Structural Funds must become more active in the

field of both education and vocational training and

further education, including the provision of

educational and further education infrastructures;

(e) in view of the ever more complex pattern of

interconnected regional, national and Community

support measures, the need for information and

consultation in the special regions is becoming ever

greater.
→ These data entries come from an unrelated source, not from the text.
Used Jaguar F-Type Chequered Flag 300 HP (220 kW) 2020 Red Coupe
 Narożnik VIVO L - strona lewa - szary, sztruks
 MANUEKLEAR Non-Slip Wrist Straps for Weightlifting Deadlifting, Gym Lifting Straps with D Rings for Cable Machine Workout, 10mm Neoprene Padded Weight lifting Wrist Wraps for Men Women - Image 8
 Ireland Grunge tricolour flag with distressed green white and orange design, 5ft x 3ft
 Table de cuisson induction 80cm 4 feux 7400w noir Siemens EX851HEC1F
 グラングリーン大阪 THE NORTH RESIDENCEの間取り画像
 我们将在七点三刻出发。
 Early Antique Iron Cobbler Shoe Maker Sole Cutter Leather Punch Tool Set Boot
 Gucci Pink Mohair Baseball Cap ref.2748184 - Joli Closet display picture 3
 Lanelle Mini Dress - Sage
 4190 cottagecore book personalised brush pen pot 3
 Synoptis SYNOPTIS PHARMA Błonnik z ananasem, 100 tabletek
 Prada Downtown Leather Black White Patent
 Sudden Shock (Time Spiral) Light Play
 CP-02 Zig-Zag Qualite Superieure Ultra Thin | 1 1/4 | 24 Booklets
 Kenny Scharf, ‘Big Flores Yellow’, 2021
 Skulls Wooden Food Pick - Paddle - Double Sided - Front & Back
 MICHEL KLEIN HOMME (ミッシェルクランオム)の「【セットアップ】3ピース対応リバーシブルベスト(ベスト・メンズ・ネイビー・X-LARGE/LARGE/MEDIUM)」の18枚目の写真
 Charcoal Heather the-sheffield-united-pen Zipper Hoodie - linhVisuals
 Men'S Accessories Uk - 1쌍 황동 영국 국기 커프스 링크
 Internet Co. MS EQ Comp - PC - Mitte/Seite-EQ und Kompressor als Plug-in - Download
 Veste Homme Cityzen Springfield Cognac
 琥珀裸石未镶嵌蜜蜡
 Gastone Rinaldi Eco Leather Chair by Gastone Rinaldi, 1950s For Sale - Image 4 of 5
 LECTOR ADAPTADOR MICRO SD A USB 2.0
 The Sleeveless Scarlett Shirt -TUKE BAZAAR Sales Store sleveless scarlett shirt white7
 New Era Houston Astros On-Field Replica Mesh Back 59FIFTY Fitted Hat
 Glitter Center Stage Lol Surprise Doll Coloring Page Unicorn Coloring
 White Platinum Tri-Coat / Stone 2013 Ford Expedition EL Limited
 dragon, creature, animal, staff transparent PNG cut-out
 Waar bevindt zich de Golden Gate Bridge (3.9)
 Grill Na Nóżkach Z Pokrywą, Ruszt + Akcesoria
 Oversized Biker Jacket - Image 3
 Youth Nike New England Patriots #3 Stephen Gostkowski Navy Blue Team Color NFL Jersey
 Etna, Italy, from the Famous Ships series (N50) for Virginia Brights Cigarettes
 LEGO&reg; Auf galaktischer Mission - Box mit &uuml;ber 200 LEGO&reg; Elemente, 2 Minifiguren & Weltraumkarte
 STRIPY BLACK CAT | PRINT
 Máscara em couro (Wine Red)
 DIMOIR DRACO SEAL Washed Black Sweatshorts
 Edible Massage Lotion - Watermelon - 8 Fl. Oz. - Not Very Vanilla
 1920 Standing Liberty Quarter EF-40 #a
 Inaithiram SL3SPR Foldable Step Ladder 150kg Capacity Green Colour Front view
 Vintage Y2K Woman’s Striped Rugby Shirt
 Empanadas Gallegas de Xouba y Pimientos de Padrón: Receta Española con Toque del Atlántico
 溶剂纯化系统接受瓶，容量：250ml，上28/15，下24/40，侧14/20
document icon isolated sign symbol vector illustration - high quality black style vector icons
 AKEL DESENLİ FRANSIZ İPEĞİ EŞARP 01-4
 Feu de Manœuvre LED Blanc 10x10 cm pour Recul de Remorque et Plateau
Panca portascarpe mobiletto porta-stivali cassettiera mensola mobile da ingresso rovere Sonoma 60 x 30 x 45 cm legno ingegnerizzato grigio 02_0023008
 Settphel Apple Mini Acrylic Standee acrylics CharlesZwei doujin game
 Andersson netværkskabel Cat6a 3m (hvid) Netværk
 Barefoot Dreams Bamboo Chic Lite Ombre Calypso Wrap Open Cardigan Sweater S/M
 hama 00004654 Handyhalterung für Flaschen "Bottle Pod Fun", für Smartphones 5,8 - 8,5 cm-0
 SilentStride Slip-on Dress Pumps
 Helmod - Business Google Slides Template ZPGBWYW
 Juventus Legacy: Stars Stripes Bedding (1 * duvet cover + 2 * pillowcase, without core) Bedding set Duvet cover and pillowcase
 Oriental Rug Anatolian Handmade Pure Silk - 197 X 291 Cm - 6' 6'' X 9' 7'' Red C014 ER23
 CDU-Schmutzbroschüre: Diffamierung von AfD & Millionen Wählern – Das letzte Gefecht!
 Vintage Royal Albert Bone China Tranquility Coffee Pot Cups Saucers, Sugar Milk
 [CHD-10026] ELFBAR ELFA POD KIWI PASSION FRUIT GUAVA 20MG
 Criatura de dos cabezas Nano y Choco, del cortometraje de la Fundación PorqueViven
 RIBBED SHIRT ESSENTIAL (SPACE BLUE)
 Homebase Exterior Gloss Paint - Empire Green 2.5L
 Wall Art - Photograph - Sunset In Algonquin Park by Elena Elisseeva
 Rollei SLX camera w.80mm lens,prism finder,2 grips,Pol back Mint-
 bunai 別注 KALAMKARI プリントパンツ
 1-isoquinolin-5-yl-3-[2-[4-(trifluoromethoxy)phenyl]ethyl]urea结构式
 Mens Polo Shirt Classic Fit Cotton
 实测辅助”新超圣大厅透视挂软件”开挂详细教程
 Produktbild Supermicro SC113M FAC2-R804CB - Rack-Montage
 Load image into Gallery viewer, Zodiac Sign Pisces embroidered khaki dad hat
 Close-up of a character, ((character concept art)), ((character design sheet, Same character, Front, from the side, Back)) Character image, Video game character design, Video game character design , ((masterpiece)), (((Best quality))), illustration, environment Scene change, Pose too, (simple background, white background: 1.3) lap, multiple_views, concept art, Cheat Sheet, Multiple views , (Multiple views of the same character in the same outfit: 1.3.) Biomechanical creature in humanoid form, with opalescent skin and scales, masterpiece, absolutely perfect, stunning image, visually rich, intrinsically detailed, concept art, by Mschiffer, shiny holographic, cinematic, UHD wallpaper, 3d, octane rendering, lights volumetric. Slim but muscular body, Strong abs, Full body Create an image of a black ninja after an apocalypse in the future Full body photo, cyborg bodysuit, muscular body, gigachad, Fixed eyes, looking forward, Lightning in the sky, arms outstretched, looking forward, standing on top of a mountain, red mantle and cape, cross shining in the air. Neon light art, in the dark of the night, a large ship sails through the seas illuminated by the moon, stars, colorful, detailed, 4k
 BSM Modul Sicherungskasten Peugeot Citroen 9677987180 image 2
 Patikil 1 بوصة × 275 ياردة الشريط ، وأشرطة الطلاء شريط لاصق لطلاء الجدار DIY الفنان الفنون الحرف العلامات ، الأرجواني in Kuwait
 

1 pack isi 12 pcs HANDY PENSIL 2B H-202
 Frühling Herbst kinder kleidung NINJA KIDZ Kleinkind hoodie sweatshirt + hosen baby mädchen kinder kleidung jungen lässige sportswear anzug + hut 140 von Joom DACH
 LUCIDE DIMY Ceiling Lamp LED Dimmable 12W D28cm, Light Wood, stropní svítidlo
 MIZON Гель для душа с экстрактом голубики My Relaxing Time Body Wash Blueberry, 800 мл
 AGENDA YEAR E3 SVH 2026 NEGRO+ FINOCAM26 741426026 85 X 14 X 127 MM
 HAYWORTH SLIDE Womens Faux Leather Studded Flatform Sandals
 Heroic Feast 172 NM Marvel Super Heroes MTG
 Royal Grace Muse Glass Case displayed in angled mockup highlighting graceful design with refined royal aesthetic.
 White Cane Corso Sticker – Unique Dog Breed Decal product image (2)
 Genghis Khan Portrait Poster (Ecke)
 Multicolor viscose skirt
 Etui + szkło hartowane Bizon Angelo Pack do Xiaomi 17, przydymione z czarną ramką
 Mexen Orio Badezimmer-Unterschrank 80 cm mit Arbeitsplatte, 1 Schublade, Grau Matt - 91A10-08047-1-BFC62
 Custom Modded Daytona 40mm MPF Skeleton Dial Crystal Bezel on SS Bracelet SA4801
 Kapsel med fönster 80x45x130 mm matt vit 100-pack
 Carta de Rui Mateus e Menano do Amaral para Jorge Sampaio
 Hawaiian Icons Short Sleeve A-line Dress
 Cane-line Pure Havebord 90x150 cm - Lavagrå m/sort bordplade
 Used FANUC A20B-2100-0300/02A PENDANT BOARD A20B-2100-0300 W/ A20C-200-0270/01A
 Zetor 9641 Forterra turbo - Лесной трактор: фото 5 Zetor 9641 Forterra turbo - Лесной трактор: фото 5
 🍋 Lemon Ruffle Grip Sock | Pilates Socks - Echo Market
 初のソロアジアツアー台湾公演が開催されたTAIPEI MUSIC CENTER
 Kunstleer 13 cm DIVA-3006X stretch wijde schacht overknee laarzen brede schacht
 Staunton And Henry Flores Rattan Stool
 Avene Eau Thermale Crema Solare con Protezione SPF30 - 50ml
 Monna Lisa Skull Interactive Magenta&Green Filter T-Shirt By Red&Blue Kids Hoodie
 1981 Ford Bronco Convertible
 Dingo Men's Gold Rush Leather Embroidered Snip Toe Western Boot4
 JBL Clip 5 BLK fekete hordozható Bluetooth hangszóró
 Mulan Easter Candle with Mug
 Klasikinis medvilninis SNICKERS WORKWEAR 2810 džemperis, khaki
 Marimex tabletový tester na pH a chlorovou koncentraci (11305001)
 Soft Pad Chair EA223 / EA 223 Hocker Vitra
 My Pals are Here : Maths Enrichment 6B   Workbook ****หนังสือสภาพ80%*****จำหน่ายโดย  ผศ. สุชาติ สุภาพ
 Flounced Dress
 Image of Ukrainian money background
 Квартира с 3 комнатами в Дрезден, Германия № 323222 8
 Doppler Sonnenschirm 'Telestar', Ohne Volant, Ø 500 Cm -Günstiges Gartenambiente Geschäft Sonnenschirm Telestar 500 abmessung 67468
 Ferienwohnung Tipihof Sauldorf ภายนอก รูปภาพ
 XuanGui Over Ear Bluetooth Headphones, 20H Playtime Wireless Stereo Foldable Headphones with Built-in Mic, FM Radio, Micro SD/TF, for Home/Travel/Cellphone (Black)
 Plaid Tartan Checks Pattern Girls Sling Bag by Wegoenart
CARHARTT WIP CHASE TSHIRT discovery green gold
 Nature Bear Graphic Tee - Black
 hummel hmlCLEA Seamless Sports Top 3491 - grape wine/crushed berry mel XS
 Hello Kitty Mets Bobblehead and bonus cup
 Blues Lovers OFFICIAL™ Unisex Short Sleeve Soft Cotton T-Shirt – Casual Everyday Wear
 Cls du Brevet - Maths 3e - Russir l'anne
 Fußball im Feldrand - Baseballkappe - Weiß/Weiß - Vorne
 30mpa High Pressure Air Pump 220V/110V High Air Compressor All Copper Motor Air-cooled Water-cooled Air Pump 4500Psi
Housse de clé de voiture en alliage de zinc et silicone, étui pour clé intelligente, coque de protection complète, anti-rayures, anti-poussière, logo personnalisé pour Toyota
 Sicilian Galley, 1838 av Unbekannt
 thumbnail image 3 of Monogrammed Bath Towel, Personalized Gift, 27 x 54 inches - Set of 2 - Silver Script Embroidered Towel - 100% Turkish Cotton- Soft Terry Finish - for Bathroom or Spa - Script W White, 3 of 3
The Structural Funds must develop an

active information policy;

(f) the structural effects of disarmament;

(g) measures to evaluate the success of regional

development measures must be strengthened;

(h) a certain percentage of the Community budget should

be held in reserve so as to provide flexible aid in

unforeseen cases of hardship or crisis, for example,

in connection with the regional effects of

environmental or similar disasters;

(i) the social partners should be involved earlier and

in a more thorough-going manner at institutional

level;

15. Calls for stricter monitoring of state aids outside the

special regions, in order to give investment promotion

in structurally weak development areas greater impact;

16. Calls for any additional financial resources made

available within the EEA by the EFTA countries for

structural aid of the less developed regions of the

Community to be channelled towards the Community's

Structural Funds;

17. Calls on the Commission to investigate the following

additional aspects in its fifth periodic report:

(a) the importance of decentralization and

regionalization, taking due account of the

subsidiarity principle as a factor in regional

development;

(b) the impact of Member State subsidy policies

(including indirect subsidies, sectoral promotion

measures, tax concessions, etc.) on the less

developed regions of the Community;

(c) more detailed analysis to assess the competitiveness

of regions;

(d) more detailed analysis of the increased

infrastructure and social costs incurred by regions

with very low population densities;

(e) possible ways of increasing the efficiency of

regional and local authorities in the less developed

Community regions;

(f) the scale and significance of the underground

economy in the Member States;

(g) the socio-economic impact, and the effects on the

labour market, of the abolition of internal

Community frontiers, compiled at NUTS III level;

(h) integration of new social and environmental

indicators taking account of the quality of life and

the specific characteristics of regions into the

financing criteria for the Structural Funds,

18. Instructs its President to forward this resolution to

the national parliaments of the Member States and the

assemblies of the regions of the Community, the Council,

the Commission and the governments of the Member States.